Immigration Reform: Obama To Announce 10-Point Plan, Congress Not Needed

An anonymous source close to the White House told Fox News that President Obama will unveil a 10-point immigration plan on November 21st. The president will be bypassing Congress and implement his plan through executive orders. The new policy will contain 10 points, the most controversial of which might be a “deferred action” for certain undocumented immigrants. Nevertheless, President Obama is completely denying the leak and any immigration plan.

According to Fox News estimates, the Obama plan would allow 4.5 million undocumented immigrants a deferred status, preventing their deportation. The status would apply to people who came to the U.S. as children and to the parents of U.S.-born children. The provision might be directed at the surge of child immigrants that have recently come to the U.S. from violent Central American countries.

The 10-point plan will also aim to strengthen border protection by offering better pay to immigration officers and improving security.

Fox News didn’t elaborate on the full 10 points, leaving the ball in the Obama’s court to completely explain the policy, if it exists at all.

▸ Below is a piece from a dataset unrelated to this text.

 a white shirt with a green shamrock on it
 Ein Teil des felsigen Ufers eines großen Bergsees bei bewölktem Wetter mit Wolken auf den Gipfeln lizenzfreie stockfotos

White House spokesman Shawn Turner has already responded to the report.

“The president has still not made a decision regarding exactly when he’ll make an announcement about executive action to fix our broken immigration system, but he remains committed to taking action before the end of the year.”

According to Fox News, Obama received a briefing from Homeland Security officials just before leaving for the APEC summit, but the White House denies that as well.

Still, unveiling a potentially controversial plan now, after the mid-term elections, might be politically advantageous. Obama’s actions can no longer hurt Democrats running for re-election. As previously reported by the Inquisitr, there was also wide-spread speculation that the decision to send 1,500 more advisers to Iraq was delayed for political reasons.

Nevertheless, President Obama is still sure to receive a rebuke from the newly empowered Republican party members. As Reuters reported, Senate Republican John Barrasso said in an interview that a immigration plan implemented with unilateral executive orders would be a “toxic decision.”

Whether or not he already made a decision, the president still intends to use executive orders for immigration policy at some point. As Haaretz reports, President Obama told Congressional leaders he would ease some immigration restrictions through executive orders, since they have still failed to pass a comprehensive reform bill.

Since Congress doesn’t appear ready to cooperate on immigration, it’s just a question of when Obama will unveil his own plan.